Bence günümüzün en büyük zorluğu ilgiyi hâlâ canlı tutabilmek. Müşterilerimiz daha genç, daha bilgili. Artık sadece güzel bir obje istemiyorlar, özgün ve anlamlı bir şeye sahip olmak istiyorlar. Bizim sektörümüz için kilit nokta, köklerimize sadık kalırken yenilikçi olabilmek.
Yılın yarısından fazlasını geride bıraktık. Zenith için 2025 nasıl geçti?
Bu sene 160. yıldönümümüzü kutladık; ancak benim için sadece geçen senelere baktığımız değil, Zenith’in ne kadar canlı ve geleceğe dönük bir marka olduğunu gördüğüm bir sene oldu. Ekiplerimizden, iş ortaklarımızdan ve özellikle dünyanın dört bir yanındaki müşterilerimizden aldığımız enerji, Zenith’in köklerine bağlı kalarak geleceğe güvenle ilerleyen bir dönemde olduğunu gösteriyor.

Bu sene karbon ve seramik gibi malzemeleri, tasarımsal açıdan renkli dokunuşları gördük Zenith saatlerinde. Önümüzdeki yılın yenilikleri için ipuçları var mı?
Şunu söyleyebilirim; sürprizlerimiz yine olacak. Malzemeler ve renkler önemli bir rol oynamaya devam edecek. Ancak her zamanki gibi kimliğimize de sadık kalacağız. Yolda olan birkaç proje var; henüz açıklayamasam da büyük heyecan yaratacaklarından eminim.

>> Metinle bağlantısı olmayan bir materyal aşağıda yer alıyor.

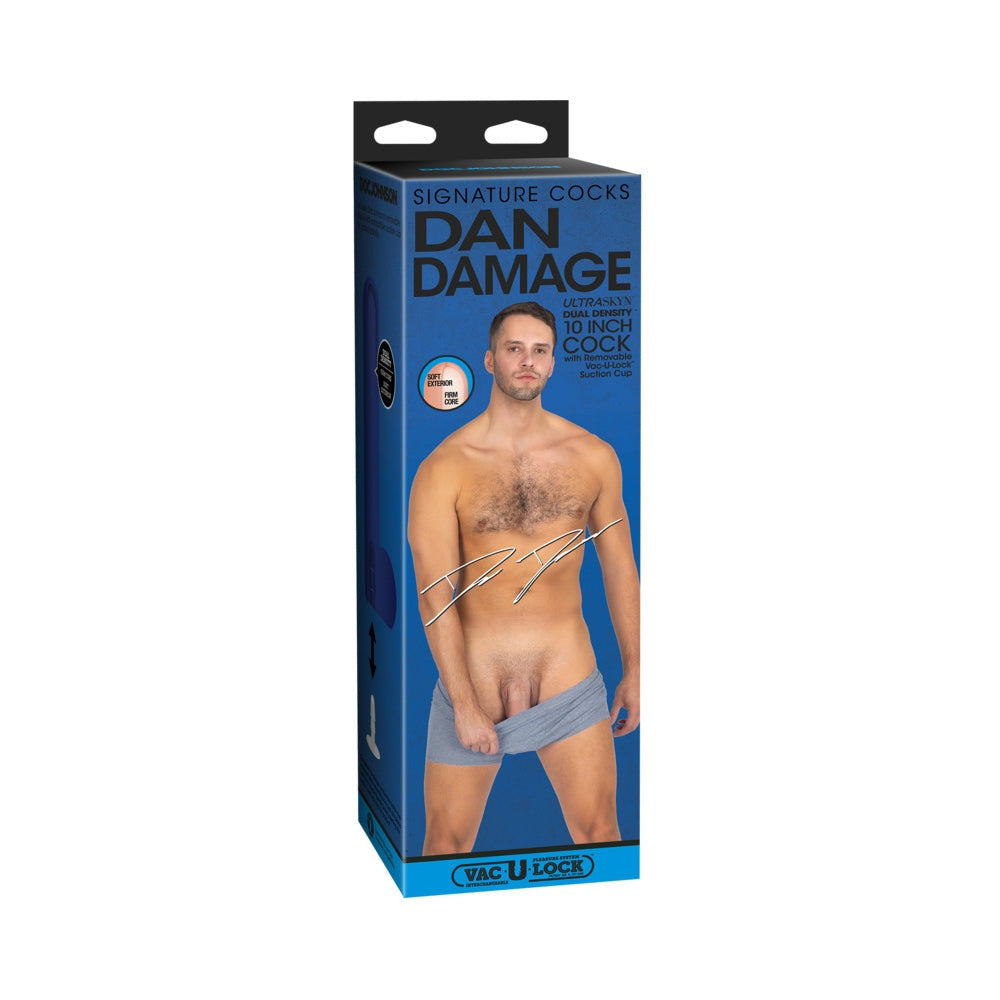 Signature Cocks Dan Damage 10-inch ULTRASKYN Vac-U-Lock dildo packaging featuring a photo of Dan Damage and product branding.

Sohbetimizi bitirirken bu yılın sektörde ses getiren haberlerinden birine, ABD’nin İsviçre’ye uyguladığı gümrük vergisine değinmek istiyorum. Yeni vergi tarifesi sektörde belirgin bir değişime yol açar mı?
Durumu yakından takip ediyoruz fakat ABD’deki müşterilerimize ve iş ortaklarımıza olan bağlılığımız değişmedi. Amerika, Zenith için önemli ve dinamik bir pazar. Bizim için önemli olan Amerikalı koleksiyonerler ve saat meraklılarıyla uzun vadeli ilişkiler kurmak ve marka etrafında deneyimler yaratarak bu bağı güçlendirmeye devam etmek.